The first steps when restarting all MATRIXX Engines in a sub-domain are to bypass traffic for the affected engines and assess the impact of the outage.

About this task

Most of these tasks can be performed in parallel to optimize recovery time.

Procedure

Initiate a traffic bypass of the affected sub-domain and confirm it is working.
Specify any traffic not bypassed, if applicable, by node or service type (data, voice, SMS, or others).
Establish the most complete dataset (checkpoint and transaction logs), usually from the most recently active engine.

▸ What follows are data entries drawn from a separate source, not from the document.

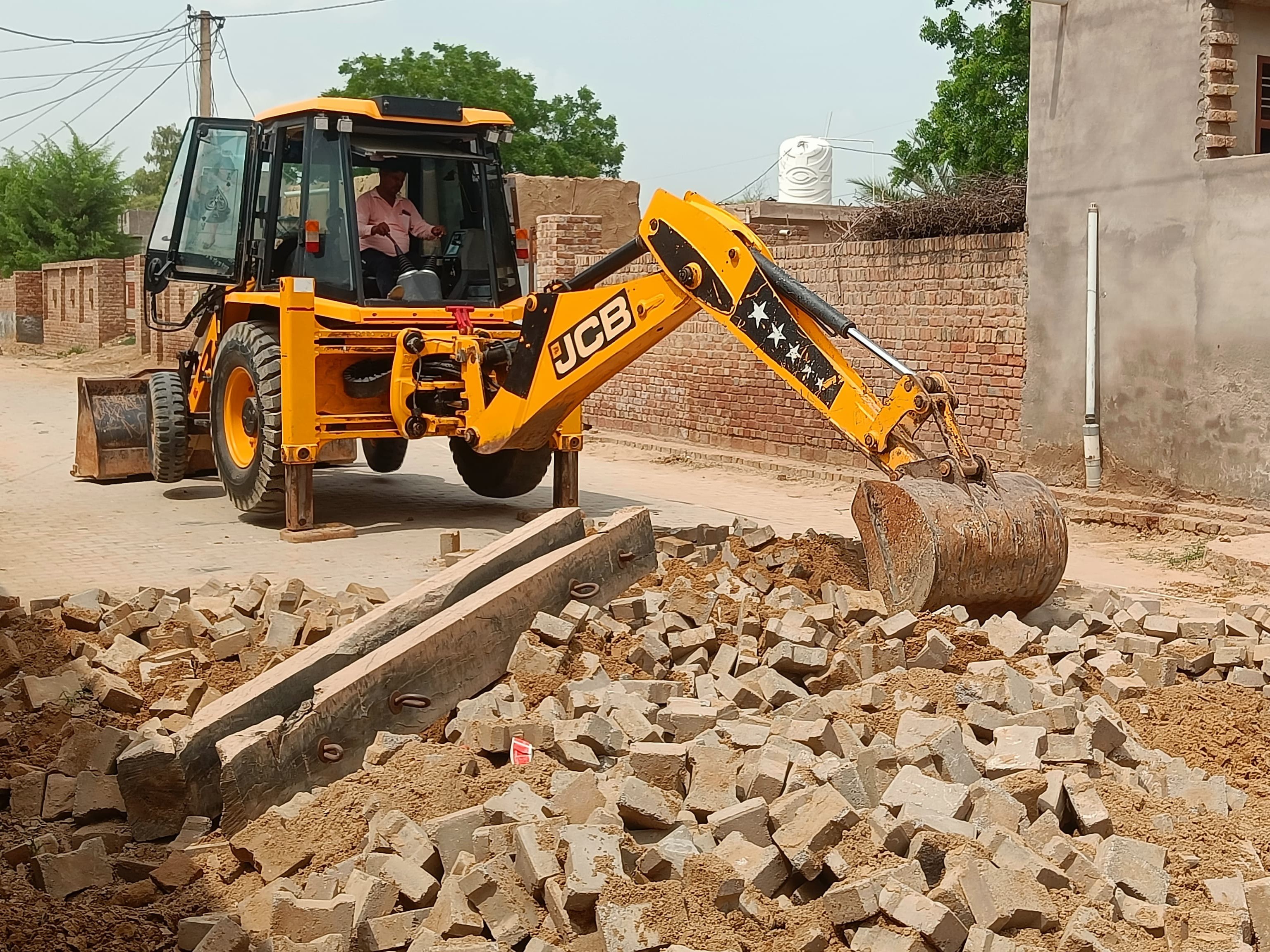 जेसीबी की मदद से इंटरलॉकिंग को तोड़ा गया।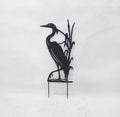 Black metal yard sign of a heron standing among reeds on a small stake, photographed against a plain light background.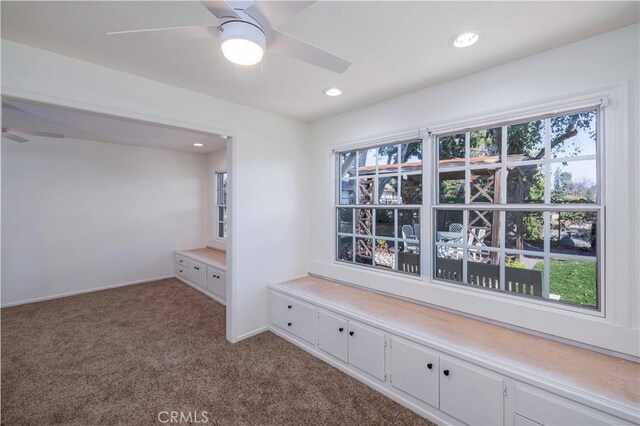 hall with light colored carpet and a healthy amount of sunlight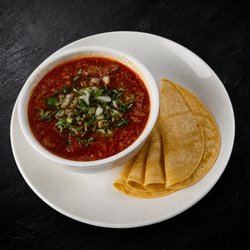 Fuego Cravings - A hearty 32oz serving of tender birria in rich consommé, served with four warm corn tortillas.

Use the get_latest_checkpoint.py command to determine the latest available checkpoint.
Provide the dataset to the primary engine so that they it is used on restart.
Verify engine-level Traffic Routing Agents (TRA-PROCs and TRA-PUBs) are running (using print_tra_cluster_status.py).
Start any TRA-PROC or TRA-PUB instances not already running.
Assess and share with MATRIXX Support the impact on service and the subscriber base by type and scale, and share any updates when new information comes available.
This step does not need to be completed before restarting the engines, but it should be started.
Investigate any symptoms present in the system when the engines went down. For example, search debug logs with a command similar to the following:
```
grep LM_CRITI mtx_debug.log
```
Also check /var/log/messages for OS-related issues.
Collect and share key logs and other data (for example mtx_debug.log, messages files, print_blade_stats.py outputs, atop, transaction logs, and tcpdumps) with MATRIXX Support to support prompt root cause analysis.